The research team identified 1,222 and 1,452 total proteins in the MCF7 and BT-474 cytosolic extracts, respectively. Looking at the vehicle-treated samples, they detected 135 phosphoproteins (11%) in MCF7 cells and 111 phosphoproteins (8%) in BT-474 cells. When they applied a gene ontology tool, they found the following enriched functional categories: metabolism, cell death, RNA processing, transport, signal transduction and adhesion. They report that the presence of RA only moderately impacted total phosphorylation of cytosolic proteins, as they observed an 80% overlap for phosphoproteins with and without RA treatment. However, RA treatment differentially influenced the cytosolic phosphoproteome for both cell lines. Of note, RA treatment induced serine/threonine protein kinase MST4 phosphorylation in MCF7 cells only, supporting its activation role in the mitogen-activated protein kinase pathway. For BT-474 cells only, RA treatment induced phosphorylation of SMEK1, a serine/threonine-protein phosphatase 4 subunit that upsets the PI3K/Akt pathway, and inhibited phosphorylation of RAB7A. They also reported approximately 30 phosphoproteins unique to each cell line.
The researchers also analyzed nuclear extracts and found 865 and 1,167 total proteins in MCF7 and BT-474 cells, respectively. For untreated cells, they noted 148 phosphoproteins (17%) in MCF7 cells and 343 phosphoproteins (29%) in BT-474 cells. Gene ontology revealed enrichment for transcription DNA-templated chromatin modifications/organization, mRNA processing, and DNA damage and repair. Of the total phosphoproteins, the team observed 80% overlap for MCF7 cells and 34% overlap for BT-474 cells. RA treatment differentially influenced the nuclear phosphoproteome. They saw several mRNA processing proteins and DNA repair proteins phosphorylated only in BT-474 cells. They also noted that the same protein showed an opposite response to RA treatment depending on the cell type.

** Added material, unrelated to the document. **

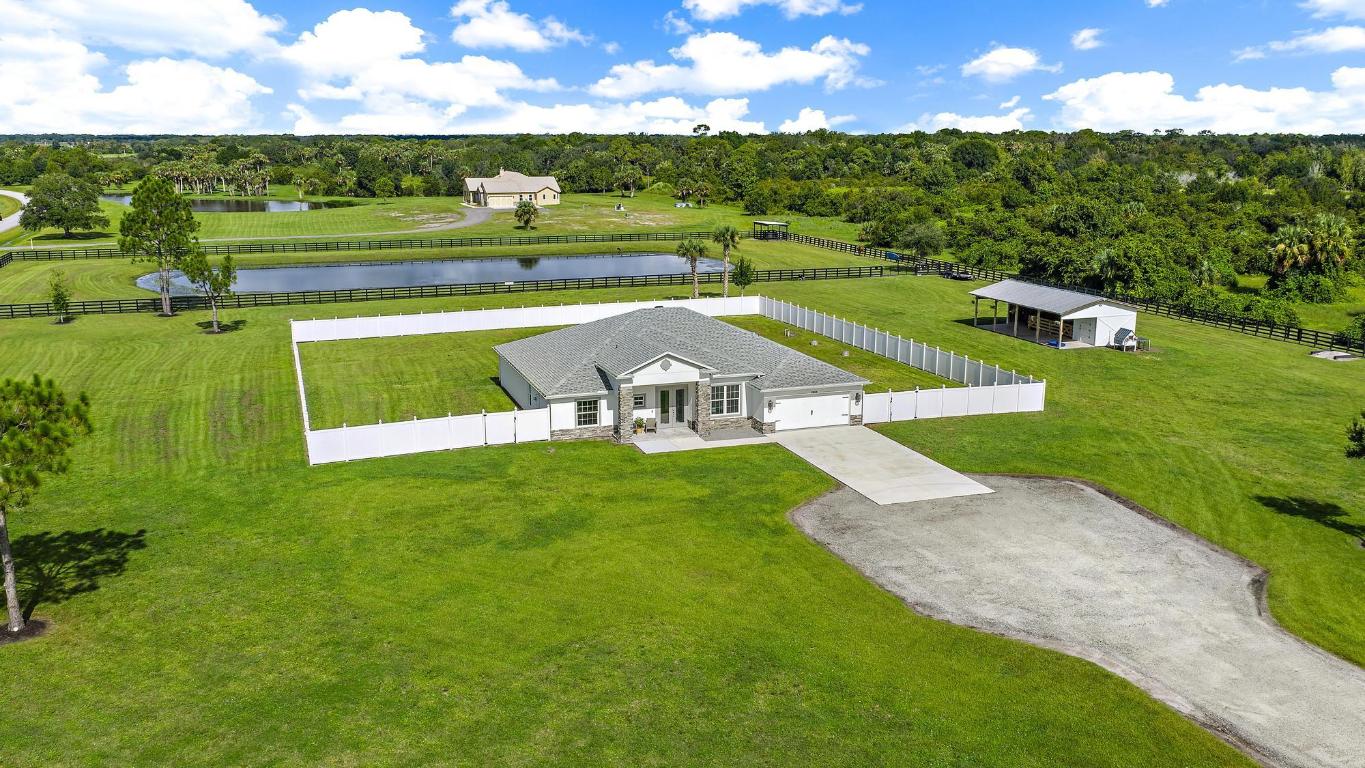 BRIDLEWOOD RANCHES - Residential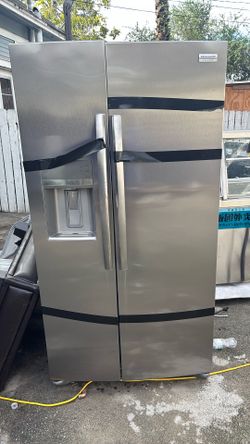 Frigidaire Refrigerator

To detect nuclear transcription regulator RARα, the team required enrichment by immunoprecipitation and thermolysin cleavage before nano-LC-LTQ-Orbitrap MS. They then compared phosphorylated residues and observed a marked increase in phosphorylation at sites S74 and S77 after RA treatment in MCF7 cells only. Treatment with Herceptin partially restored phosphorylation for BT-474 cells, suggesting that the deregulation indicates overexpression/phosphorylation of receptor tyrosine kinase ERB-B2. They also noted that phosphorylation at S74 is dependent on phosphorylation at S77.

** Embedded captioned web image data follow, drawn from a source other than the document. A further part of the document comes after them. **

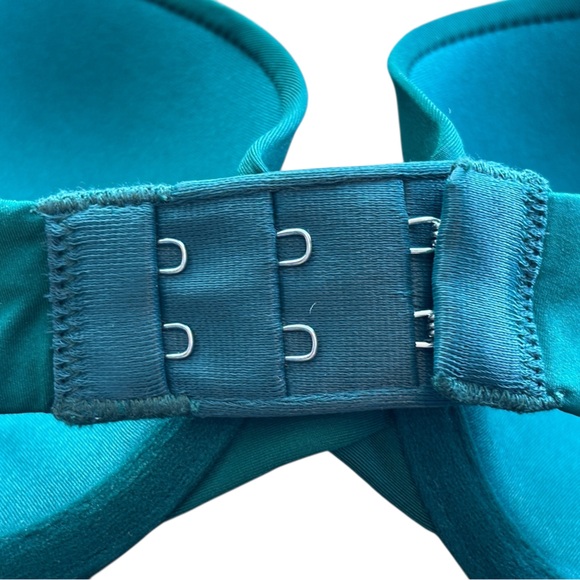 NWOT Montelle Intimates T-Shirt Bra Underwire Emerald Green Jewel 28E Smooth - Picture 7 of 7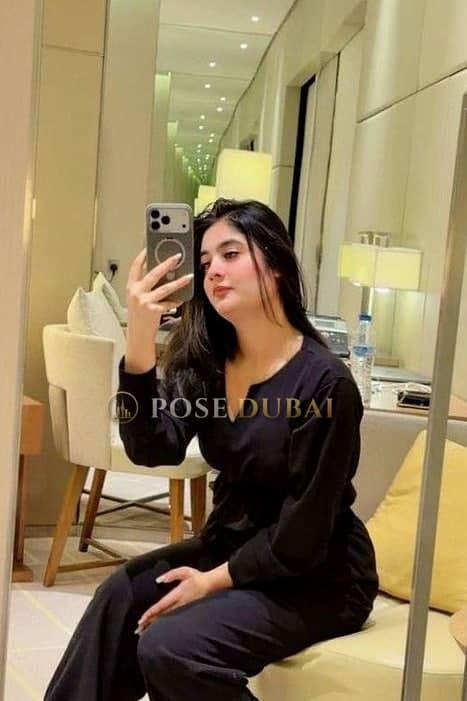 Anamika, 22, escort in Dubai — Indian, 168 cm (photo 1 of 3)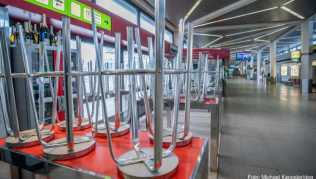 Geschlossene Geschäfte, kaum Passagiere: Weil der Luftverkehr wegen der Corona-Krise weitgehend lahmgelegt ist, darf der Flughafen Tegel ab Mitte Juni für zwei Monate schließen Geschlossene Geschäfte, kaum Passagiere: Weil der Luftverkehr wegen der Corona-Krise weitgehend lahmgelegt ist, darf der Flughafen Tegel ab Mitte Juni für zwei Monate schließen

Next, the researchers compiled a list of RA-regulated genes for each cell line. They report 40% more RA-regulated genes for MCF7 cells. For each cell type, approximately 80% of the RA-regulated genes were non-overlapping. The overlapping genes (20% or 70 genes) demonstrated opposite regulation, depending on cell type. Notably, the research team observed an RA-dependent increase in TGF1β expression in MCF7 cells only and in BMP and activin membrane-bound inhibitor (BAMBI), a negative regulator of the TGF1β signalling pathway, in BT-474 cells only. Overall, they indicate that RA resistance is a deregulation of RA-target genes. Further, the team indicates that this deregulation in BT-474 cells correlates with decreased recruitment of RARα as a result of deficient phosphorylation at site S77.
Carrier et al. offer this study as evidence of the role phosphorylation plays in RA response. They suggest the results here set the stage for further investigation of deregulation of RA response as a result of disease, including cancer.
Reference
1. Carrier, M., et al. (2016) “Phosphoproteome and transcriptome of RA-responsive and RA-resistant breast cancer cell lines,” PLoS ONE, 11(6) (e0157290), doi:10.1371/journal.pone.0157290.